Daniel é chileno, atua na área de direitos humanos e está no Brasil participando do Seminário República – Impasses da Democracia Brasileira, promovido pela AMB. O juiz compartilhou sua experiência na defesa da independência dos juízes na América Latina.

Confira abaixo entrevista com o magistrado.

O desaparecimento dos 43 estudantes mexicanos ainda não está completamente elucidado. O que se sabe do caso?

Sabemos que a polícia local abriu fogo contra alunos de uma escola de Ayotzinapa, por ordem do prefeito. Seis jovens morreram e 43 estão desaparecidos. Há indícios de que a Policia Federal também tenha participado do massacre, mas não atuando diretamente. O governo mexicano diz que este não é um crime de Estado – o que é contestado pelas organizações civis – e deu uma versão oficial de que os jovens desaparecidos haviam sido assassinados e queimados e que seus corpos foram jogados em um rio. Mas o grupo forense argentino, que está ajudando as vítimas, declara que os restos mortais encontrados não são destes estudantes. Então, se mantém a situação de desaparecimento.  Outro fato importante é que, durante as buscas aos jovens, foram descobertas mais de 20 covas clandestinas, com centenas de corpos que ninguém reclamou até agora. Ou seja, são assassinatos políticos e motivados pelo narcotráfico. Isso mostra a decomposição da sociedade mexicana, já que os familiares dessas vítimas nunca manifestaram seus desaparecimentos por medo. Eles sabem que se registrarem e denunciarem os casos à polícia – que está infiltrada no narcotráfico – podem ter o mesmo fim.

Qual é a importância da atuação dos juízes em casos como este? Como os magistrados podem ajudar efetivamente?

No México, estamos enfrentando uma decomposição moral, uma falta absoluta das instituições. Deste ponto de vista, organizações como a AMB e a Rede Ibero-americana de Juízes, têm uma virtude: concentram uma reserva moral, porque são organizações de credibilidade e têm como prerrogativa a preocupação com a sociedade, com os cidadãos. A possibilidade de instituições de alto valor moral e ético atuarem por meio de declarações ou visitas faz com que as vitimas se sintam acompanhadas, assistidas, e, portanto, os ajuda a manter a esperança de que se faça justiça.

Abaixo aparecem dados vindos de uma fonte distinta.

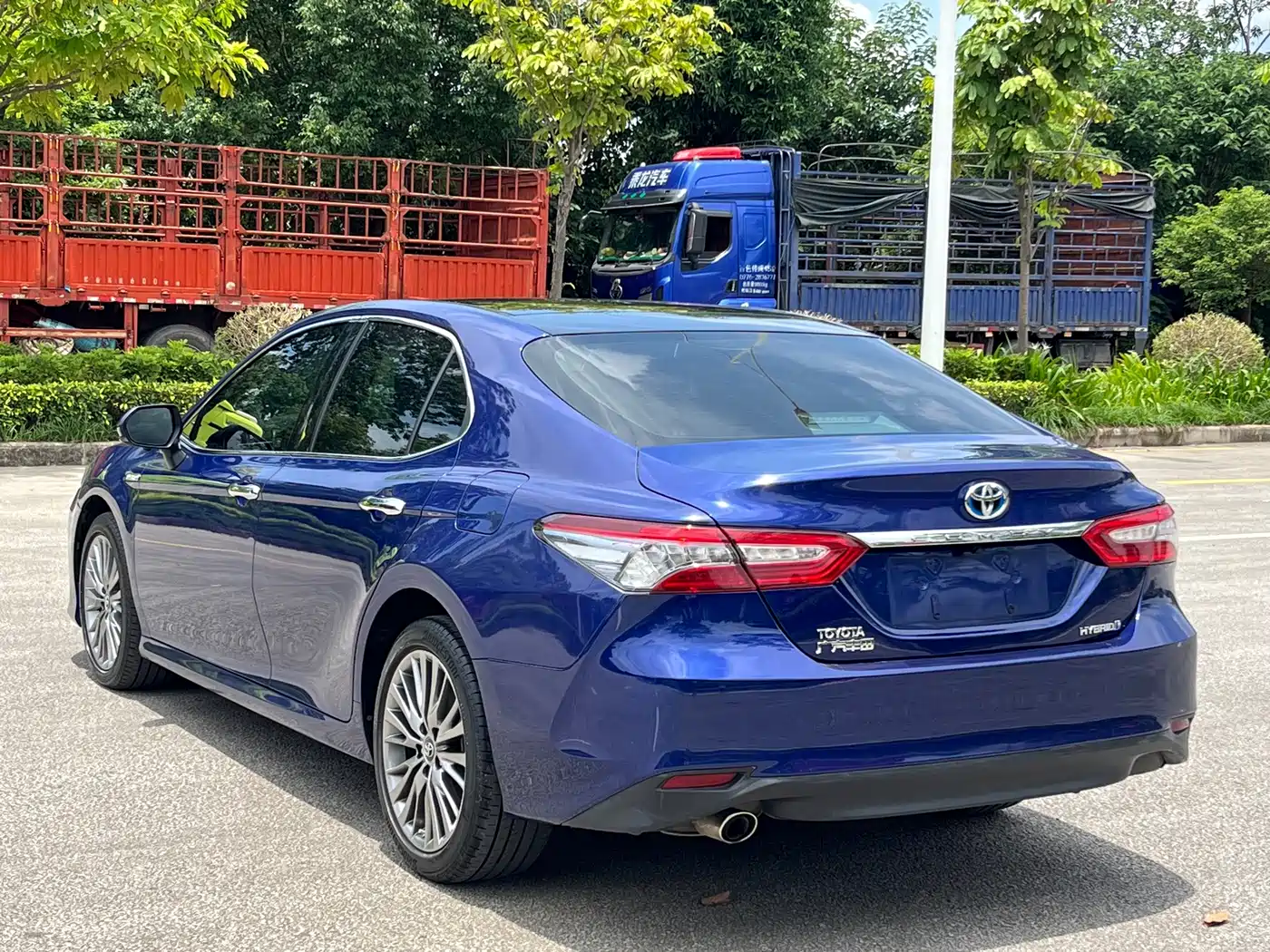 Photo 6 - Toyota Camry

Como é a atuação dos juízes da Redij para preservar os direitos humanos?

A Rede Ibero-americana de Juízes atua por meio de visitas a países. Em 2012, por exemplo, João Ricardo Costa e eu fomos ao México e realizamos mais de 34 recomendações, sobretudo por problemas de corrupção e impunidade. Atuam naquele país grupos organizados que permeiam o aparato do Estado. As visitas, as declarações e a confecção de manuais de direitos humanos para magistrados possibilita que eles possam aplicar as normas internacionais de direitos humanos nas legislações nacionais. E o Brasil, em si, tem um peso específico no contexto latino-americano, ressaltando-se a importância da AMB, como a maior organização de juízes do Brasil. Temos a esperança de que as declarações da AMB e sua participação internacional possam equilibrar a balança para uma justiça real no caso do México.

Além deste caso do México, há outros tão relevantes na América Latina, recentemente, de violação dos direitos humanos?

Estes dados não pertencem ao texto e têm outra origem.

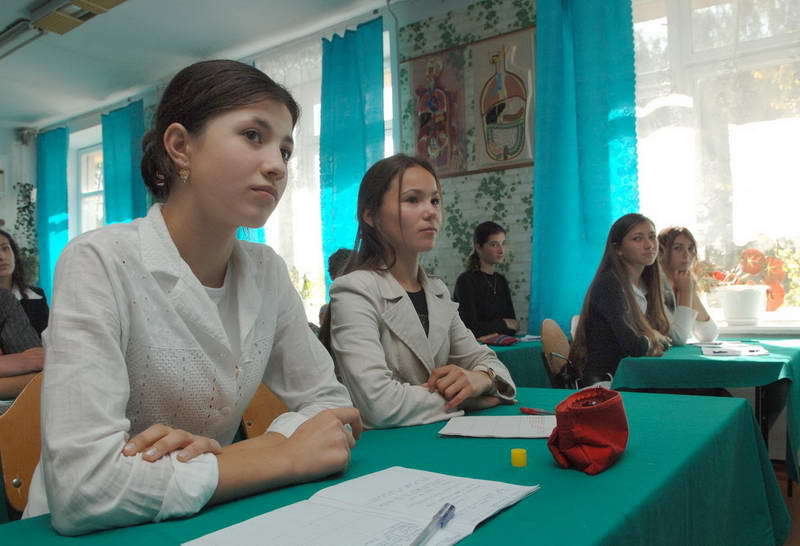 Родители утверждают, что у детей весь год не было преподавателя по профильному предмету.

Sim, a Rede, assim como a AMB, tem acompanhado a situação de Honduras. Há denúncias de violação de direitos humanos em função do Golpe de Estado, e assim sucessivamente em outros países da região. As organizações de juízes, por seu alto valor moral, estão em uma situação privilegiada para exigir dos governos que respeitem os direitos humanos a favor das vítimas, que as investigações aconteçam de forma rápida e séria e que os culpados paguem por seus crimes. A Rede Ibero-americana de Juízes está solicitando a todos os governos latino-americanos que consultem seus embaixadores no México, como mecanismo de pressão ao Estado mexicano. Hoje entregamos uma carta ao ministro da Justiça do Brasil, José Eduardo Cardozo, solicitando à presidenta Dilma Rousseff que faça uma consulta ao embaixador brasileiro no México, para que o Brasil se envolva efetivamente no caso.